George Orwell wrote six novels and three non-fiction books. Of the non-fiction, I have now read Down and Out in Paris and London (1933), and Homage to Catalonia (1938). “Down and Out” is – as it sounds – a portrait of poverty; and “Homage” the story of a man who sees a hopeful revolution collapse in the middle of a brutal civil war. Of the six novels, I have now managed (unsurprisingly) Animal Farm (1945), Nineteen Eighty-Four (1949) and Keep the Aspidistra Flying (1936). Listing these novels and books is only to say the following: I have read a bit of Orwell now, and amid the cleverness and the humanity and the bleakness of view, “Aspidistra” deserves a special mention (or perhaps, a vase) for being particularly depressing.

The story is of a young man, twenty-nine as the story who has declared war against money (surely better than war against terror). In doing so, Gordon Comstock resists generations of middle class Comstock’s, who have done their duty and lived staid, stale lives as a result. Gordon is determined to be different, throwing away a good job with prospects in that very twentieth century occupation of advertising, for a position in a book store that allows him to be so unfulfilled that he has material to write an extended poem about being unfulfilled (ironically called London Pleasures). The alternative, as he sees it, is to ‘drift along in an atmosphere of semi-genteel failure … so common among the middle-middle classes, in which nothing ever happens’ (p.41).

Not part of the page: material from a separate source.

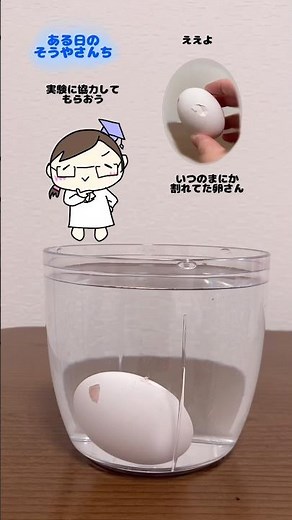 塩の力を見てみよう！【おうちでできる科学実験】 #実験 #自由研究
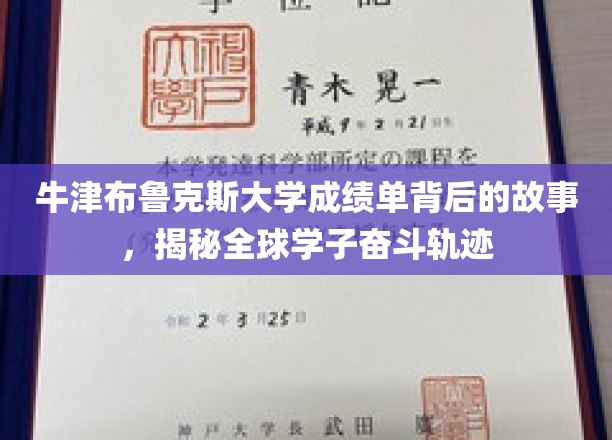 牛津布鲁克斯成绩单，映照世界学子奋斗之路的神秘面纱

What Gordon discovers, of course, is that even being miserable costs money, and there is always somewhere to fall further from where he is just-about-safely ensconced. To say too much more would be to give away the plot. His good sister Julia suffers while he lets his (worker) talents lie; his girlfriend Rosemary, long suffering, suffers more. And as the failed sex scene outdoors in a natural alcove turns ‘squalid and ugly’ (p.157), he doesn’t even have the illusion of freedom in nature that Winston and Julia so briefly enjoyed in Nineteen Eighty-Four. Nor is that the only similarity in the two novels; perhaps the only thing worse than torture for a cause is the deliberate forgetting about it in the interest of survival. Others will read the ending of “Aspidistra” in more hopeful terms, but I think the rising up of the man is the falling down of the poet. It’s a little like The Strange Case of Doctor Jekyll and Mr Hyde, but with all of Hyde’s flaws spelled out. Plus some good women. Rosemary and Julia do make a difference to the falling man in a way that Jekyll’s lawyer and doctor mates cannot.

I would thoroughly recommend this novel to anyone who has an interest in a less Romantic view of the artist, one who suffers genuine poverty for his ideals, and is none-the-better a human being for it. An essay question: 'Keep the _______ flying: Redemption, or Surrender?' Support in 2000 words. Or just reach out for the aspidistra.